Why a Bull Market Ends
Jon writes about this on his blog. When? That’s what everyone wants to know. The answers to why a bull market ends come pouring in the second the when is confirmed. But the explanations why are usually complex. They certainly won’t help anyone predict the next turn. They’re often secondary, or scapegoats, to what really happened.
Peter Bernstein offered a simple answer to what triggers the end of all bull markets: What was the secret ingredient that kept investors buying and buying at higher and higher prices? Was it the myths that this market, like all bull markets, created to justify itself? Although the myths helped keep the pot boiling, the basic explanation for the bull market’s longevity and vitality in the face of so much economic difficulty is simpler, more fundamental, and more easily generalized. The same simple, fundamental explanation applies to the bull market’s sorry end as well.
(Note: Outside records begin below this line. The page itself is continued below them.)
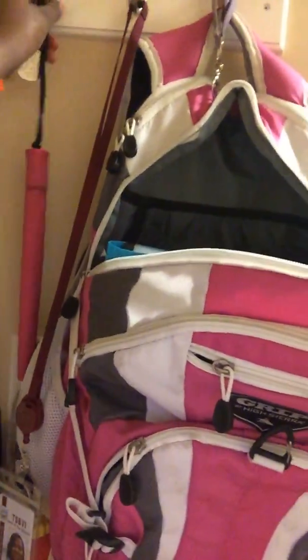So, first we're going to start with the hooks. I hope y'all can see them. So, first I have this beautiful purse right here. It's pretty, I like it. And then I have my cane that I use to get to girl places.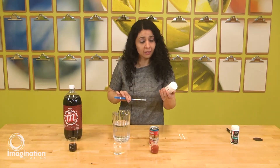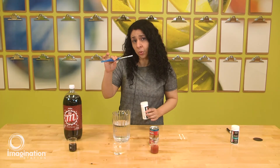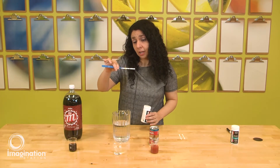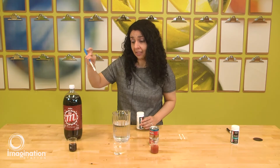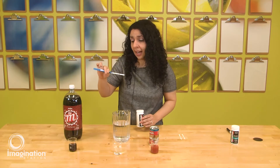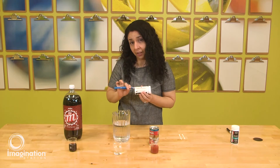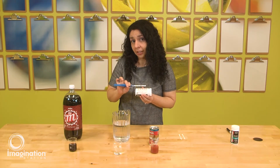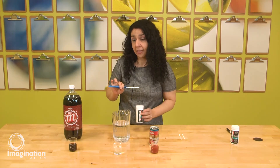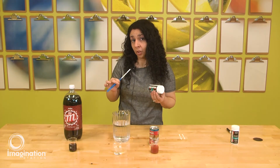You guys are going to be receiving specific pH strips in your kit. We're going to insert them briefly, and every time we do it we take a new one. The color of the strip is going to change, and we'll compare that with the legend in your container, which will tell you if the pH is acidic, neutral, or basic.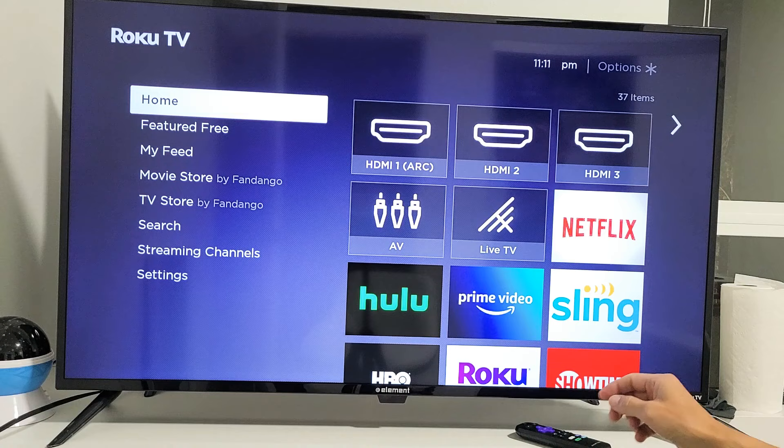Also, if you guys don't have a remote, they're pretty inexpensive — less than $10 on Amazon. I'll put a link below where you can get a replacement one. Good luck, guys.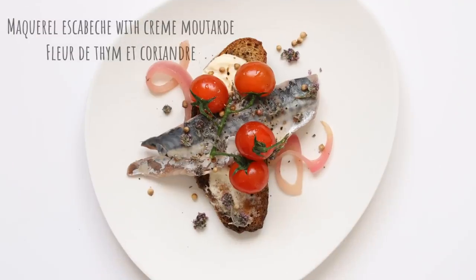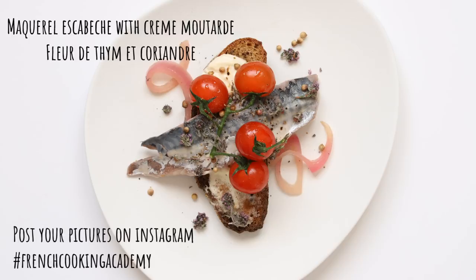We're all done and this is my plating. If you come up with nice decoration, please post it on my Instagram account with the hashtag French Cooking Academy so I can see what you guys are doing. If you have any questions on the recipe or general questions, post them in the comment section. If you like the recipe put a thumbs up, if you don't put a thumbs down — it always helps me find direction. I'll leave you with this beautiful escabeche of mackerel — please join me again on my next recipe on the French Cooking Academy, take care, bye bye!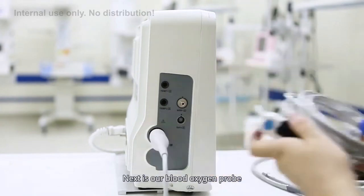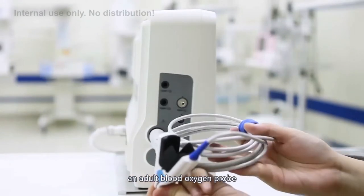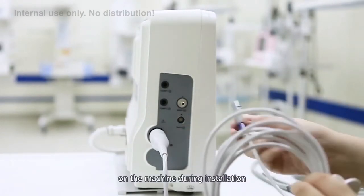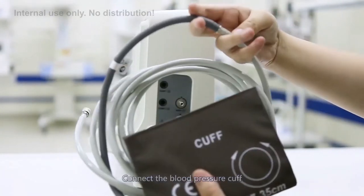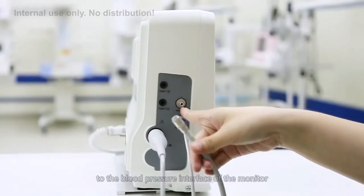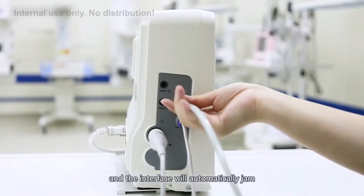Next is our blood oxygen probe. Our standard configuration is an adult blood oxygen probe. The interface has a slot, which is aligned with the notch on the machine during installation. The last accessory is the blood pressure cuff. Connect the blood pressure cuff to the blood pressure extension tube, and the extension tube connects to the blood pressure interface of the monitor — the interface will automatically lock in place.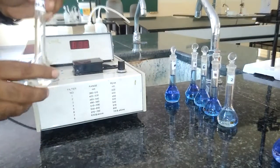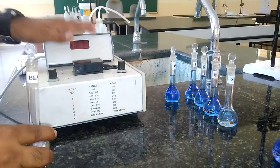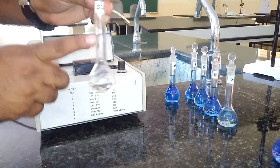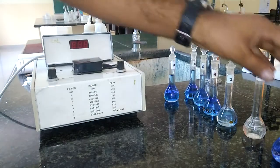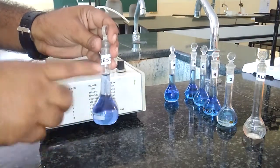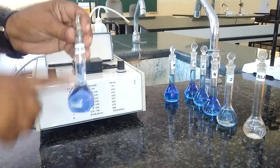The blank solution is used to set the optical density or absorbance to 0. It is prepared by adding only 2.5 ml of ammonia and the rest is distilled water. Similarly, for the test solution obtained from the examiner, we add 2.5 ml of ammonia and the rest is water.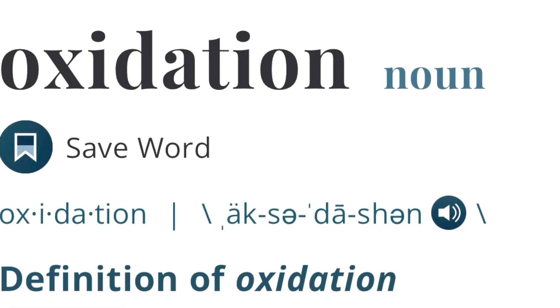Hope y'all having a great day. So today I'm going to try this. My truck is a 2013 Tundra. One of the things that has definitely happened is the oxidation of my lenses.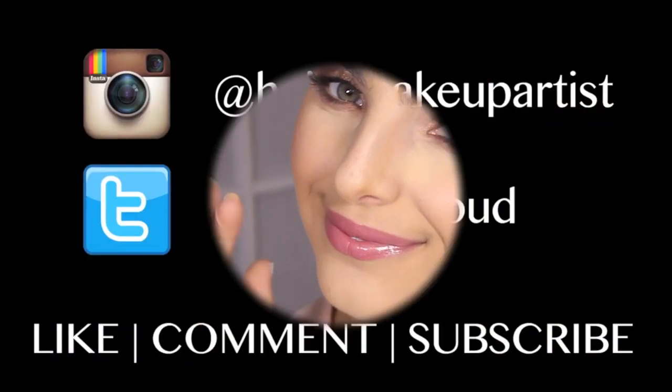This is the finished look. Thank you guys so much for watching, and also thank you so much for all the love and support you have shown me — I really do appreciate it. I will see you in my next video. Don't forget to like, comment and subscribe. Bye guys!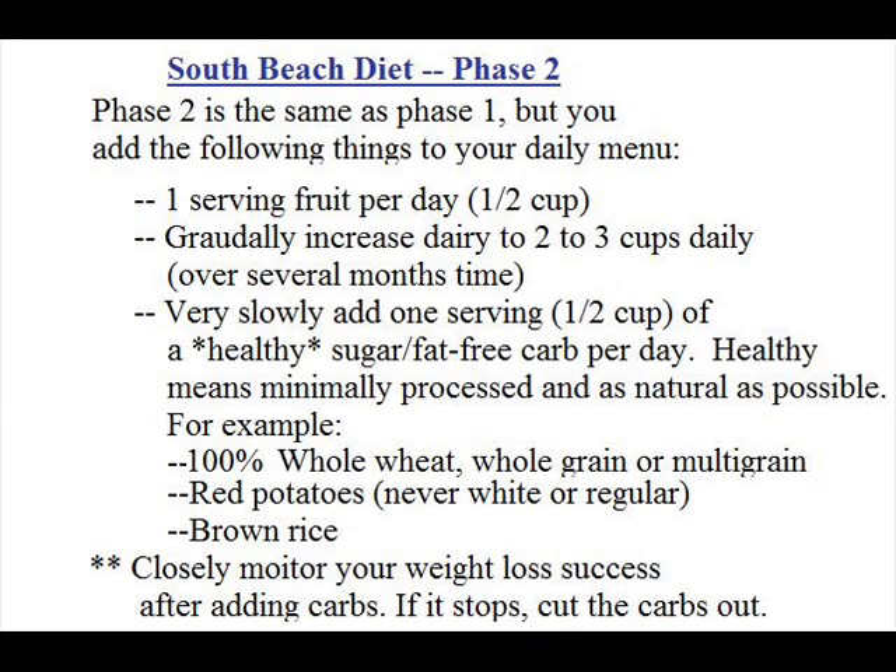When it comes to 100% whole wheat, if it doesn't say 100%, then white flour has been added — you basically want to avoid anything with white flour. You could also use red potatoes, never white or regular potatoes. You can also use brown rice; there are small half-cup portions already measured out in stores that you can just heat up in a microwave and toss in your bag for lunch with homemade stir-fry chicken and vegetables. Closely monitor your weight loss after adding carbs — if your weight loss stops, maybe only have it once or twice a week, or use smaller portions. You remain on phase two until you have reached your weight loss goal.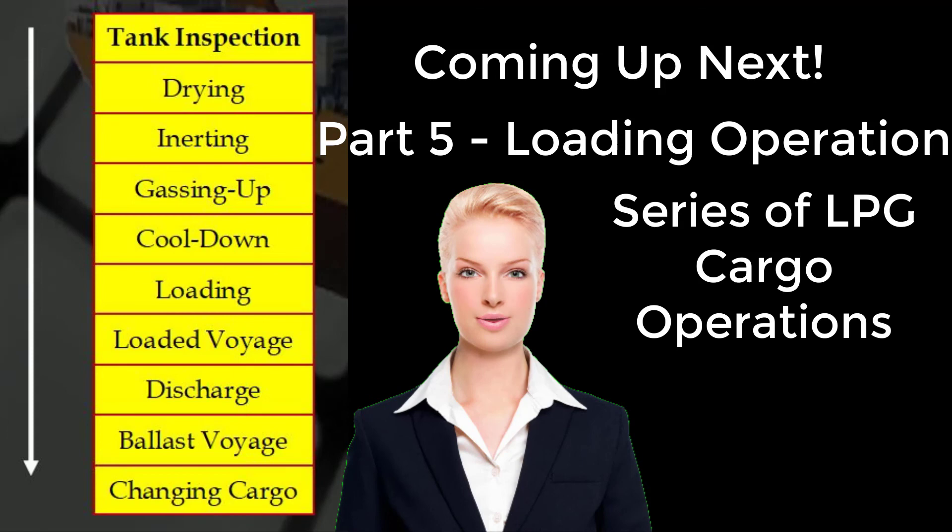Coming up next: Part 5, Loading Operation, as per the series of LPG Cargo Operations. We'll be right back.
The common thread that runs through all equity bull markets is confident expectations of higher earnings ahead. The common thread that ties the onset of all bear markets together is the loss of those confident expectations of higher earnings ahead. History shows us, over and over, that bull markets can go well beyond rational valuation levels as long as the outlook for future earnings is positive.
Bull markets require economic slack so that companies can grow, and positive trends in real business activity to take advantage of that slack. Remember, stock prices show no consistent relationship with interest rates, exchange rates, inflation rates, budget policy, monetary policy, or any of the other things professionals love to discuss. These forces matter only when they matter to the future movement of corporate earnings. Those same irrational valuations that seem to defy gravity spur the “myths” that get investors into trouble. The big mistakes — overconfidence, trivializing risk, chasing returns — can leave investors under-protected for what inevitably comes next. Overpaying for (optimistic) future earnings never ends well.
Jon concludes that the important thing is to recognize the role confidence has on market prices and the obvious risk of getting caught up in the excitement.